*WHAT YOU HAVE TO DO*
What must be handed in is the entire listing, exactly as written, with no pictures.

· · · · ·

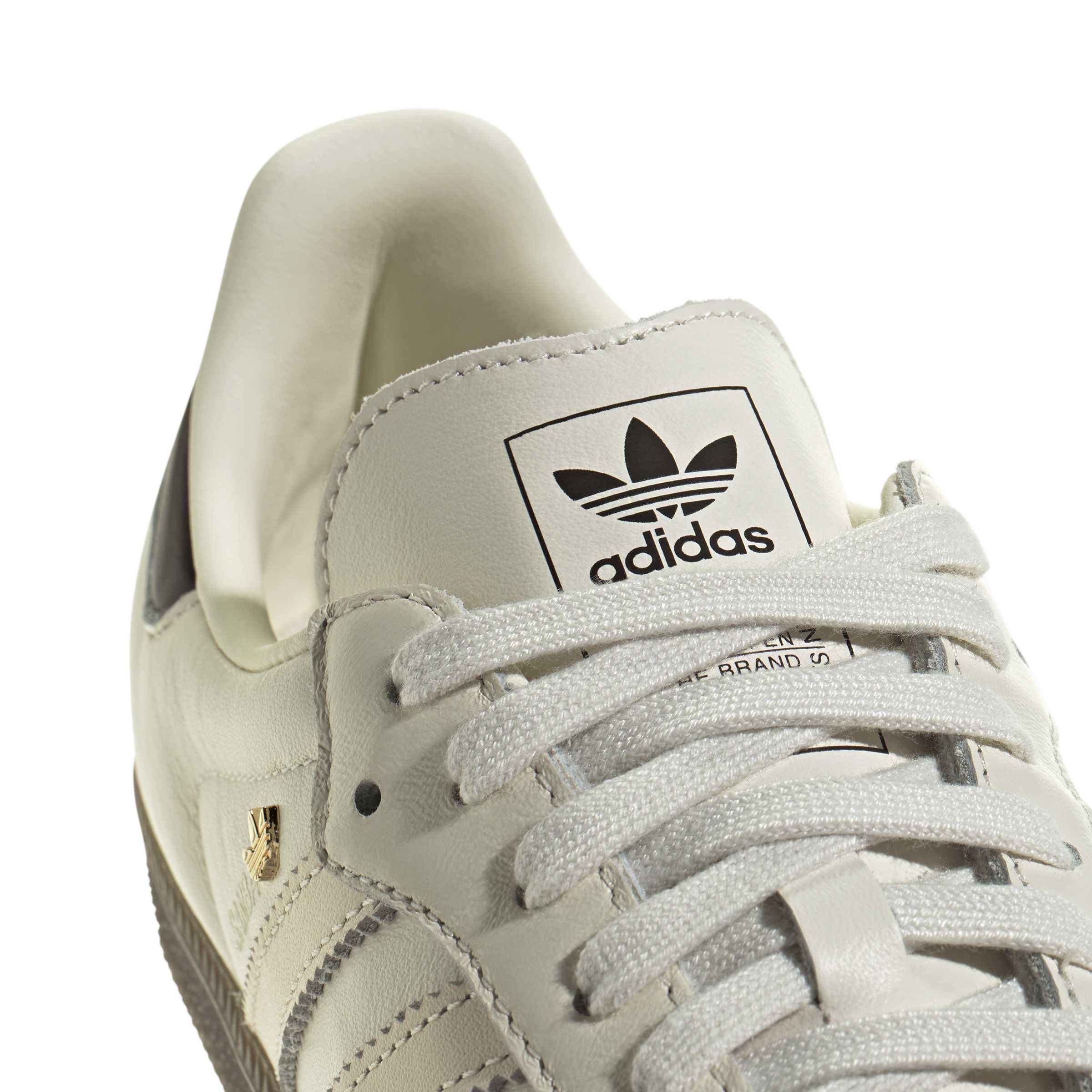 Wmns Samba OG 'Beige Black Gum'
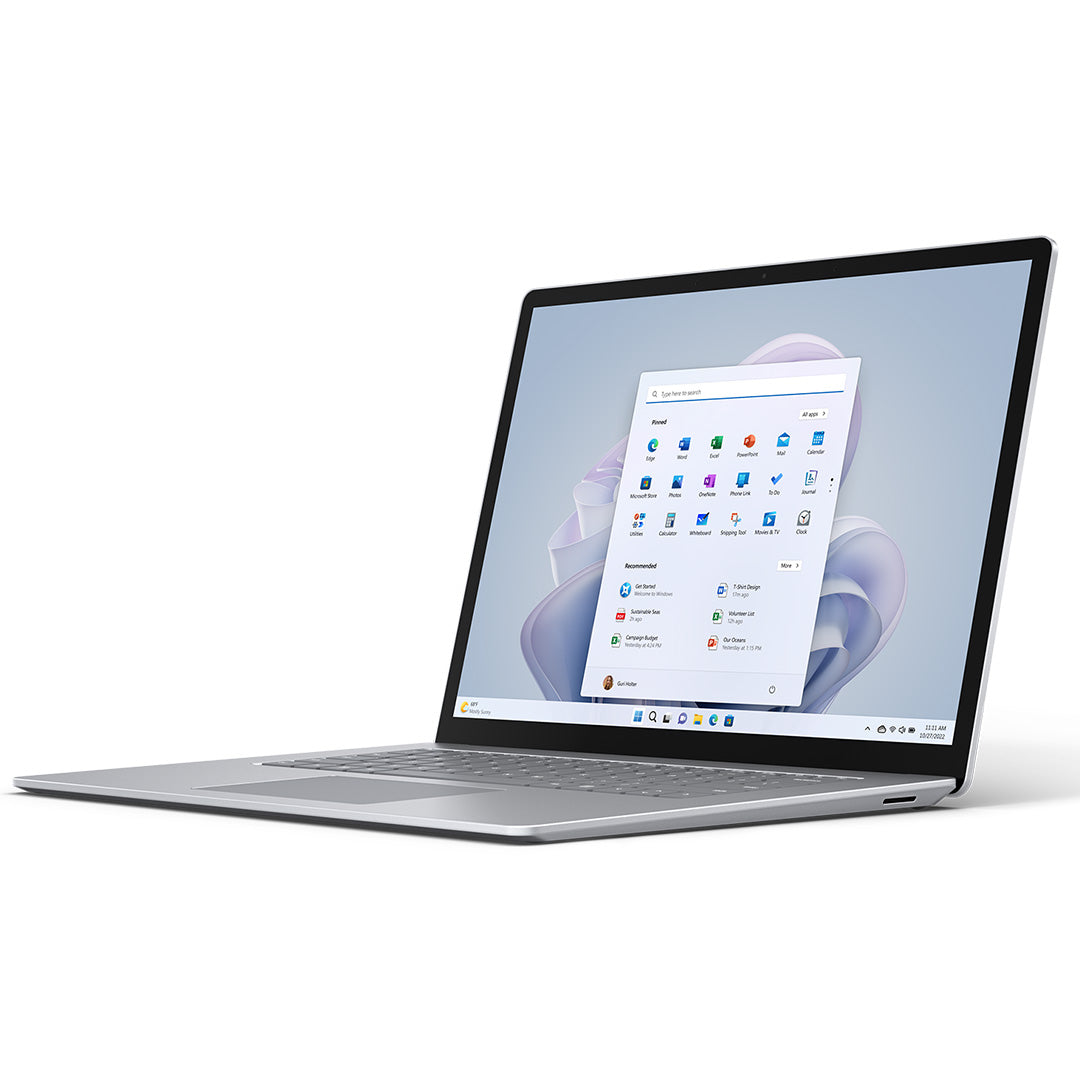 Microsoft Surface Laptop 5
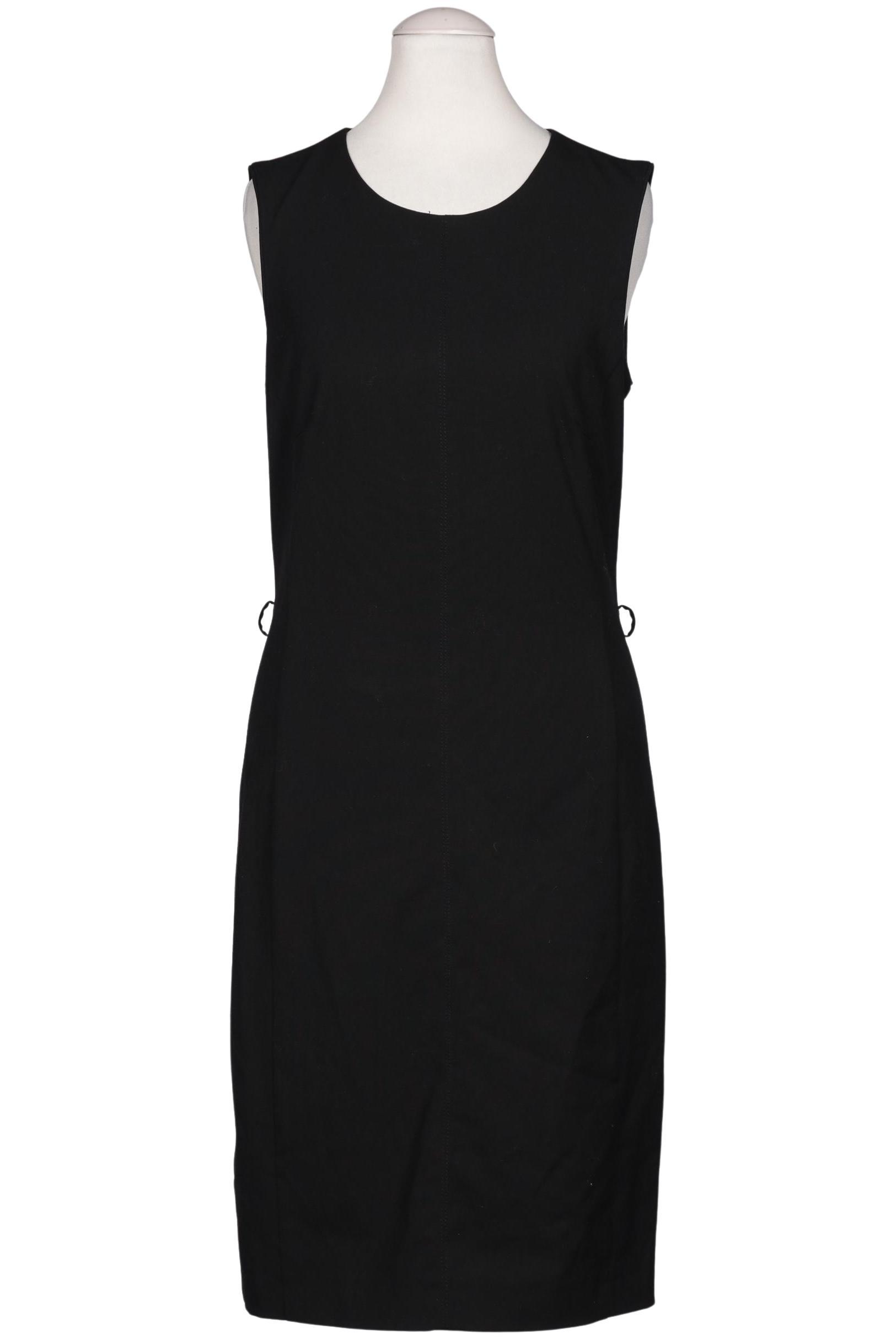 

Esprit Damen Kleid, schwarz, Gr. 34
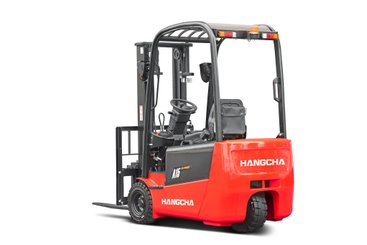 Three wheel front forklift Hangcha A3W15 ( CPDS15-AC8G )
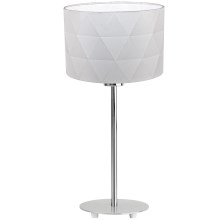 Eglo 39222 - Stolna lampa DOLORITA 1xE27/60W/230V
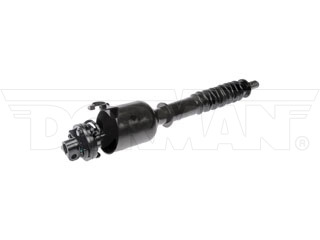 Dorman 425-185 Coupling Steering Shaft for 1999-2000 Cadillac, 1995-2000 Chevrolet & 1995-2000 GMC - Black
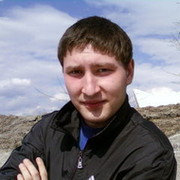 андрей михальченко on My World.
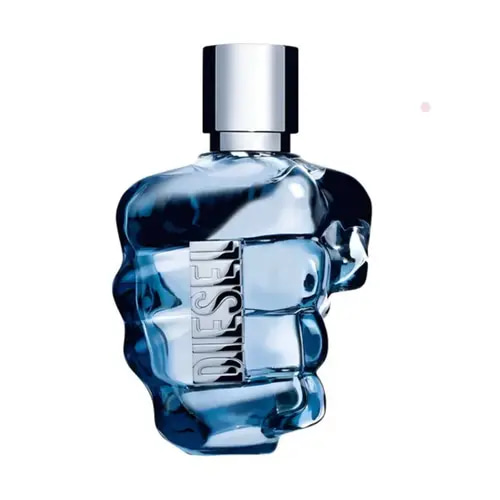 عطر ديزل اونلي ذا برايف بور هوم او دي تواليت- 50 مل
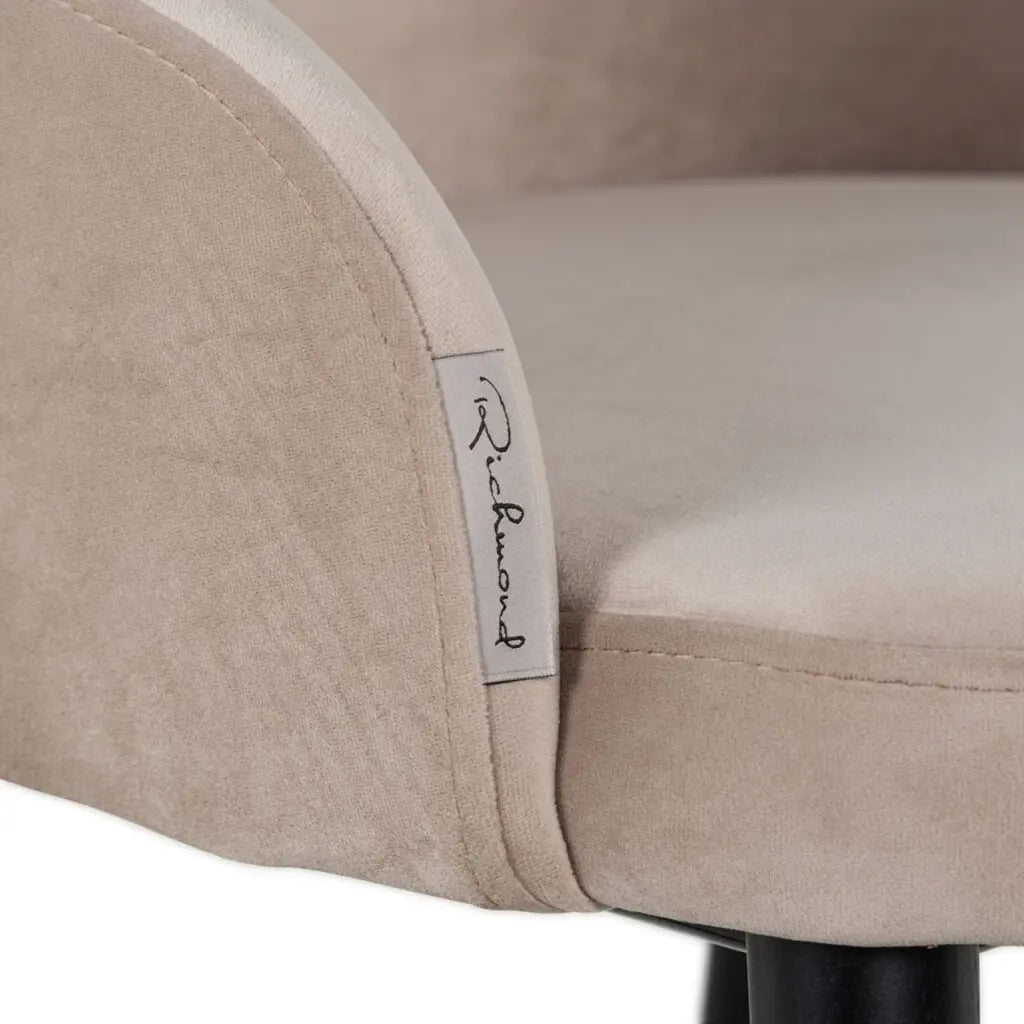 Scaun dining Soho – CUSTOMIZED (61cm v2)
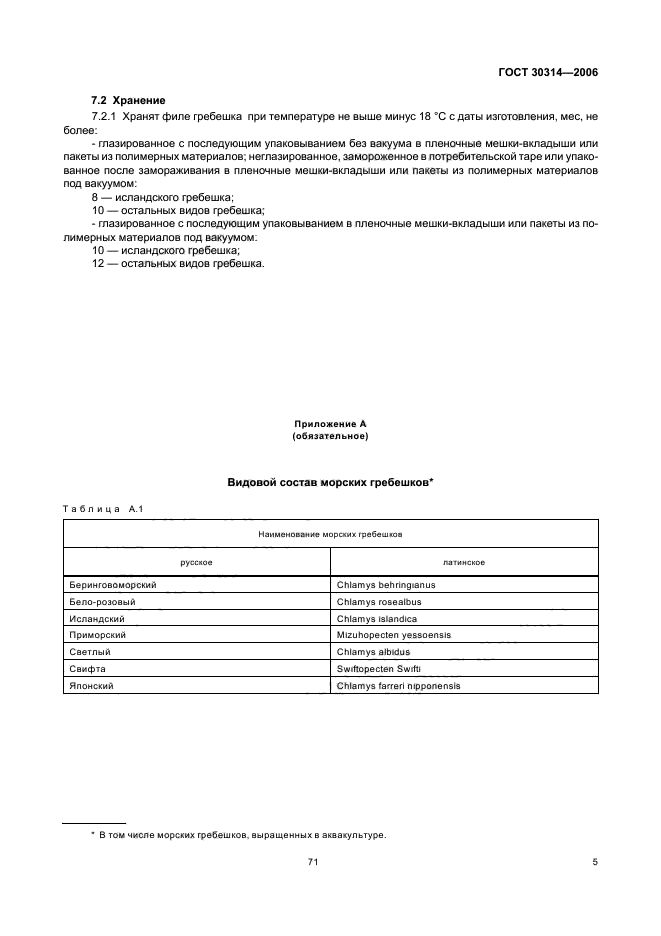 ГОСТ 30314-2006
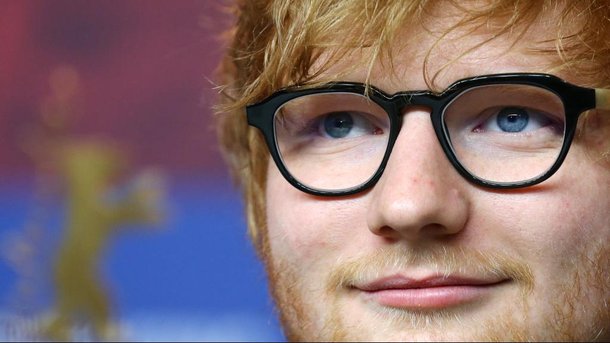 Insolite: la folle passion d’Ed Sheeran pour le ketchup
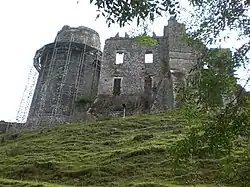 Château de Bidache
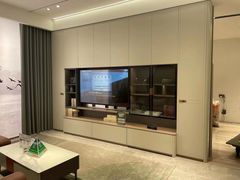 -索菲亚衣柜橱柜家具全屋定制(汶水红星店)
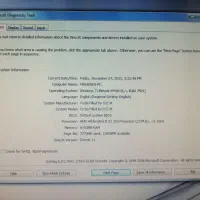 کیس کامپیوتر ddr3|رایانه رومیزی|ورامین, ورامین|دیوار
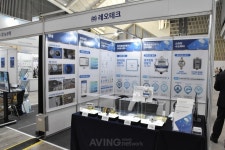 레오테크, 2025 인천 그린에너텍서 표시형 원격검침단말기 공개... 최신 IoT 통신방식으로 원격지에서 데이터 확인 가능!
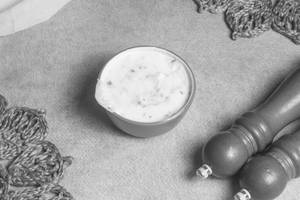 Pineapple Raita
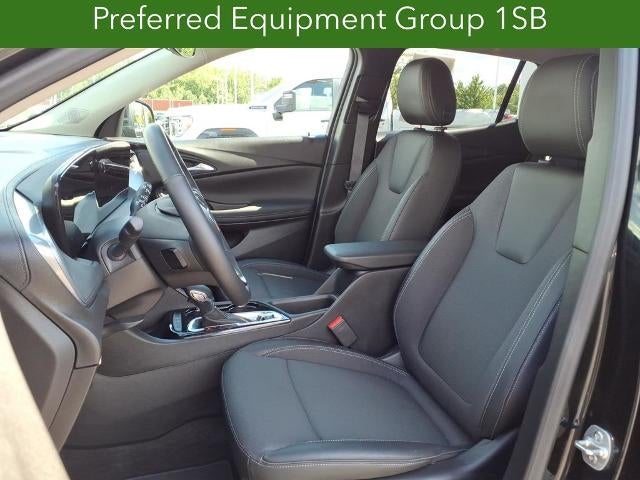 2024 Buick Encore GX Preferred FWD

· · · · ·

*ANSWER FOR THE TASK*
 Wmns Samba OG 'Beige Black Gum'
 Microsoft Surface Laptop 5

Esprit Damen Kleid, schwarz, Gr. 34
 Three wheel front forklift Hangcha A3W15 ( CPDS15-AC8G )
 Eglo 39222 - Stolna lampa DOLORITA 1xE27/60W/230V
 Dorman 425-185 Coupling Steering Shaft for 1999-2000 Cadillac, 1995-2000 Chevrolet & 1995-2000 GMC - Black
 андрей михальченко on My World.
 عطر ديزل اونلي ذا برايف بور هوم او دي تواليت- 50 مل
 Scaun dining Soho – CUSTOMIZED (61cm v2)
 ГОСТ 30314-2006
 Insolite: la folle passion d’Ed Sheeran pour le ketchup
 Château de Bidache
 -索菲亚衣柜橱柜家具全屋定制(汶水红星店)
 کیس کامپیوتر ddr3|رایانه رومیزی|ورامین, ورامین|دیوار
 레오테크, 2025 인천 그린에너텍서 표시형 원격검침단말기 공개... 최신 IoT 통신방식으로 원격지에서 데이터 확인 가능!
 Pineapple Raita
 2024 Buick Encore GX Preferred FWD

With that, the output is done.